[GIVEN DATA — start]

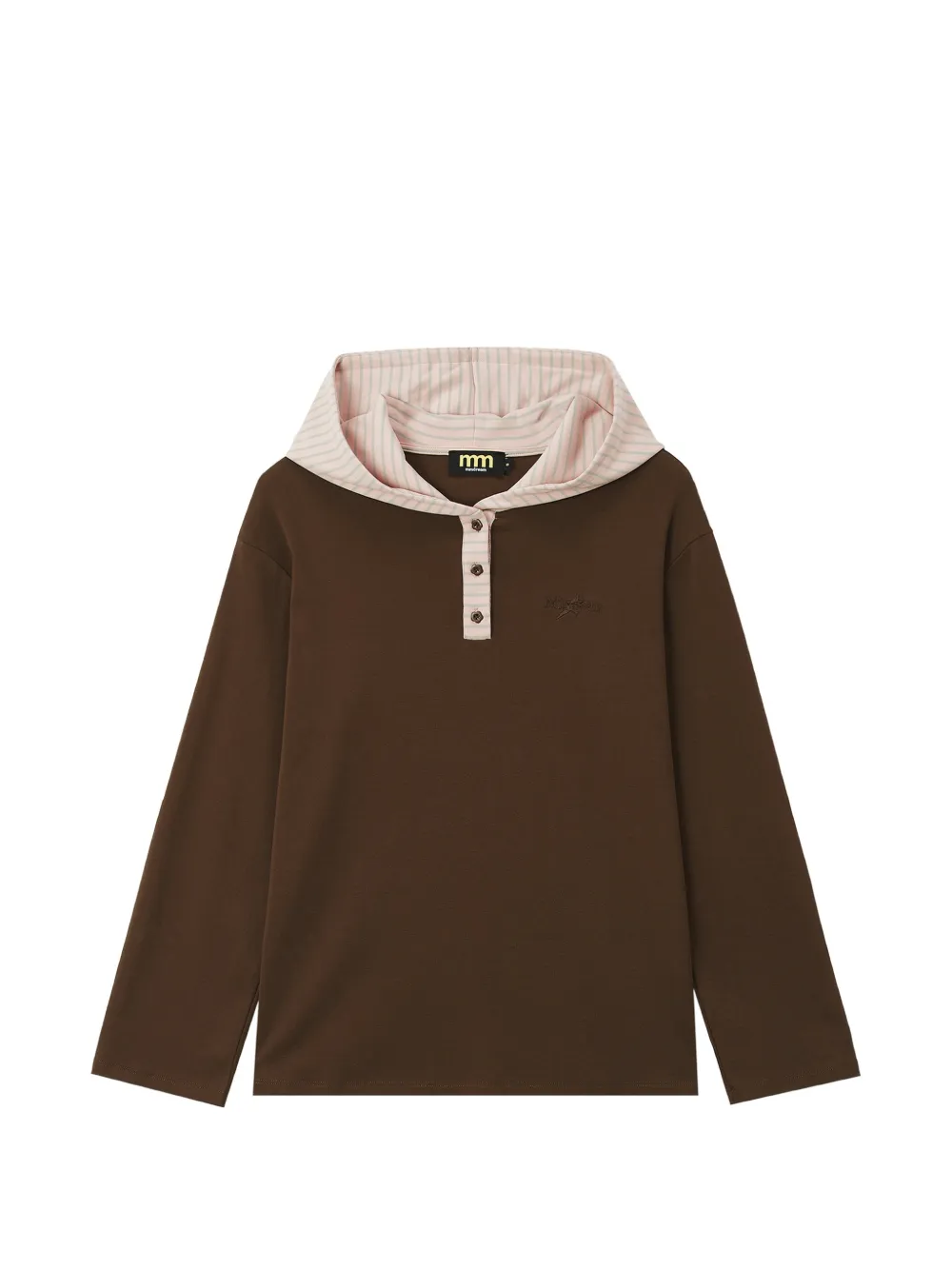 Mini Cream striped-hood logo-embroidered hoodie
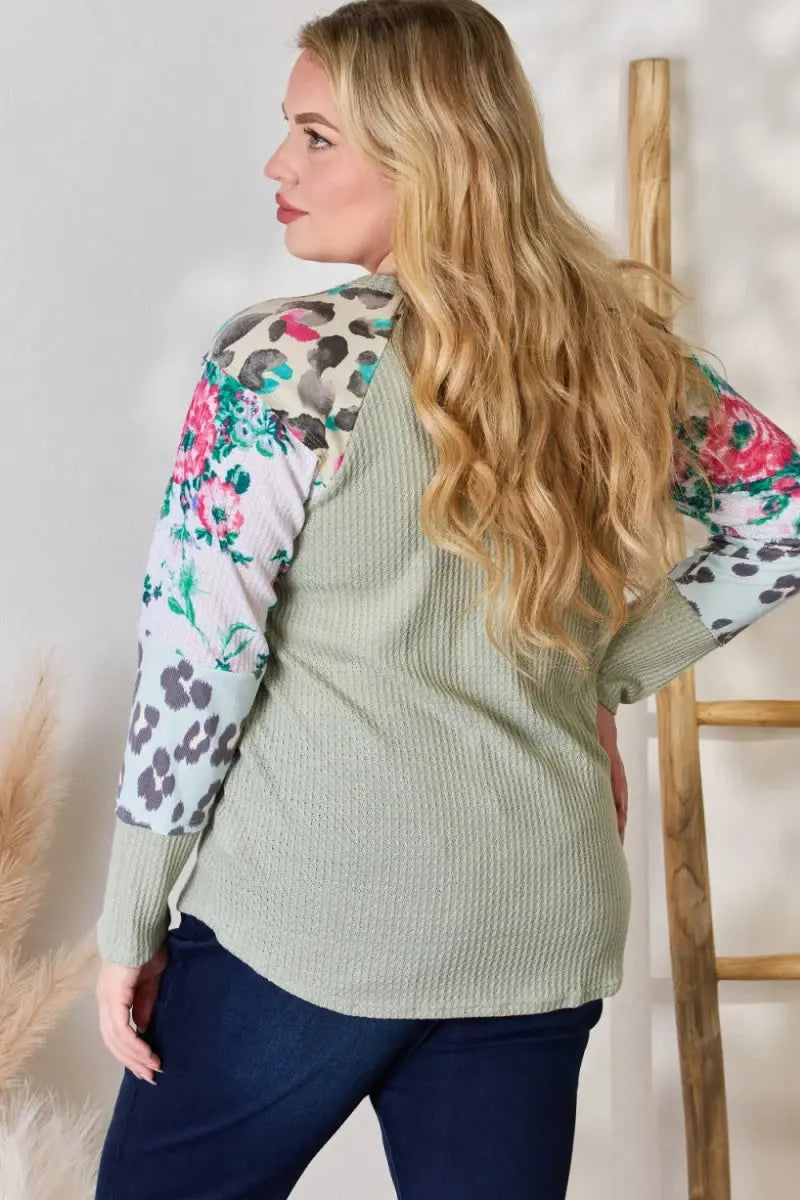 Women's Blouse Blouse - Printed Round Neck - Women's Casual Top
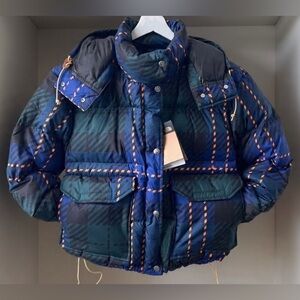 ❗️The North Face 71 Sierra Down Cropped Puffer Jacket Plaid Blue Womens XL NWT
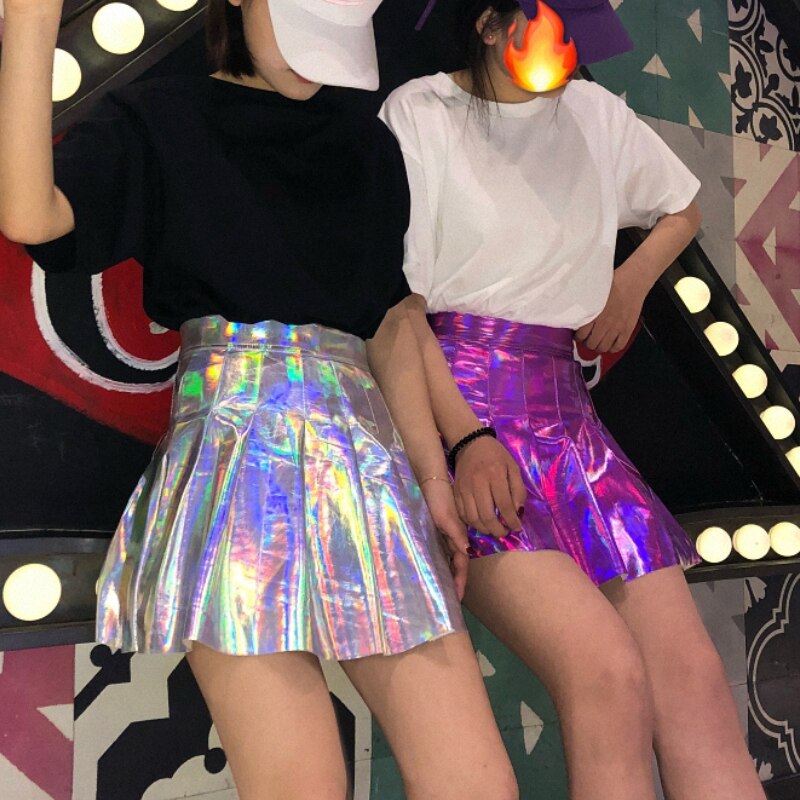 Holo Pleated Mini Short Skirt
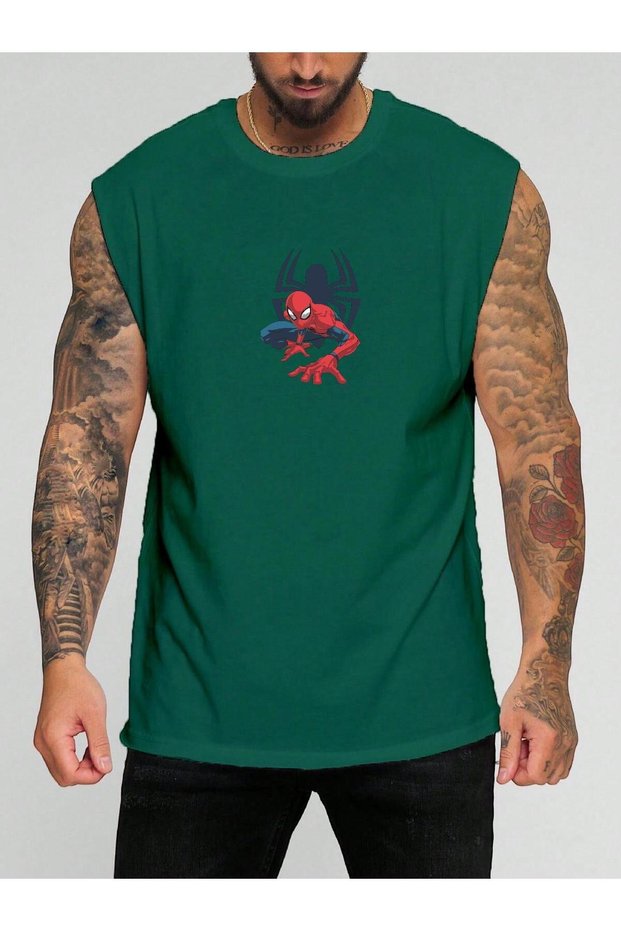 Spider Yopu Printed Sleeveless T-Shirt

[GIVEN DATA — finish]

## YOUR INSTRUCTIONS
All entries above must be printed again verbatim, with images excluded.

## ANSWER TO THIS TASK
 Mini Cream striped-hood logo-embroidered hoodie
 Women's Blouse Blouse - Printed Round Neck - Women's Casual Top
 ❗️The North Face 71 Sierra Down Cropped Puffer Jacket Plaid Blue Womens XL NWT
 Holo Pleated Mini Short Skirt
 Spider Yopu Printed Sleeveless T-Shirt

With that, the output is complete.